I will go through each of them, but before, let’s fix some definition:

Engineering Goal: “transform customer’s problems into solution’s instructions”.

Goal of the Engineering function is to create the instructions to build the solution to a Customer’s Problem.

Engineering Efficiency:  instructions per unit / Cost of quality / Time to issue.

Engineering efficiency is defined as “instructions” produced per resource’s unit , reduced cost of errors and poor quality, reduced lead time / time to issue.

 

Based on this, we may think that  the Engineering throughput is based on the ability of the Engineering function to:

1. Possess know-how

2. Make each of its members fully cooperate to build the path to the  “instructions”

3. Be able to re-use that path, avoiding the costs to re-invent it.

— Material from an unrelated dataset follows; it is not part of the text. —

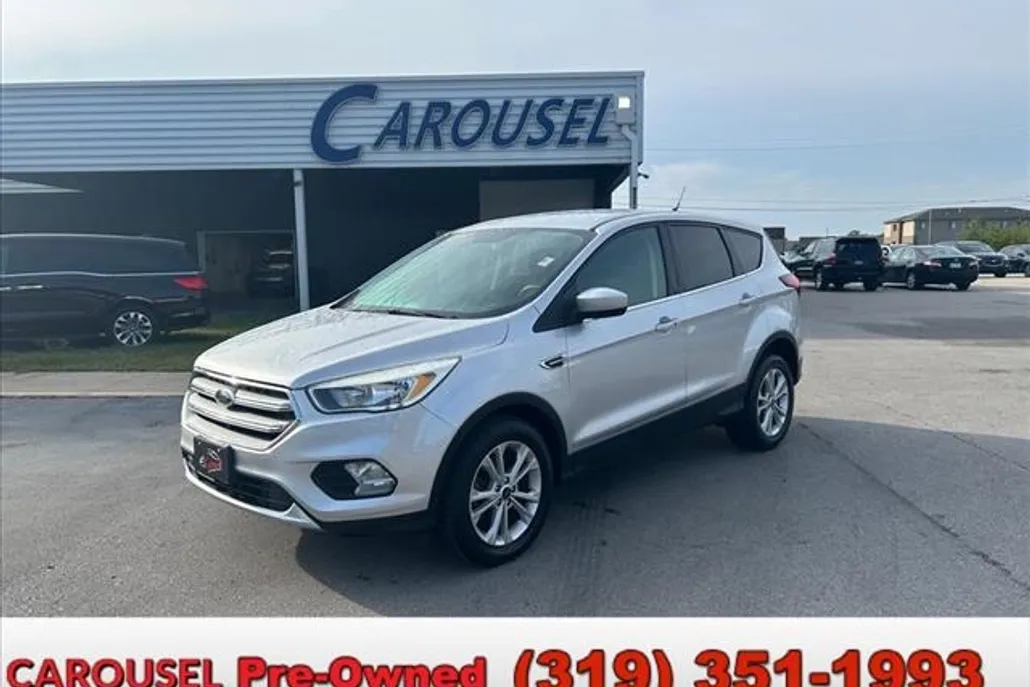 2019 Ford Escape SE photo 1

4. Assure a feedback of the results that can be used to improve the first 3 points.

 

 

 

Let’s review each Engineering Efficiency Driver one by one:

 

 

1) Knowledge Coverage - the more you know, the better -

 

There are 3 elements of the “knowledge coverage”:

 

A) Owned Know-How

All K-H owned by the Engineering team is the base of its ability to find a solution

B) Searched Know-How

The K-H not owned by the Engineering team shall be either reached outside the engineering team  (BUY) or created by a dedicated activity (MAKE)

C) Know-How Management

Possessing the know-how is not sufficient, it must be used and therefore managed. There are 4 key elements of k-h management:

           i) Access

           To use K-H, Engineering must ensure Access to it. Doing it with security,            weighting risks, etc., is part of managing the Access points .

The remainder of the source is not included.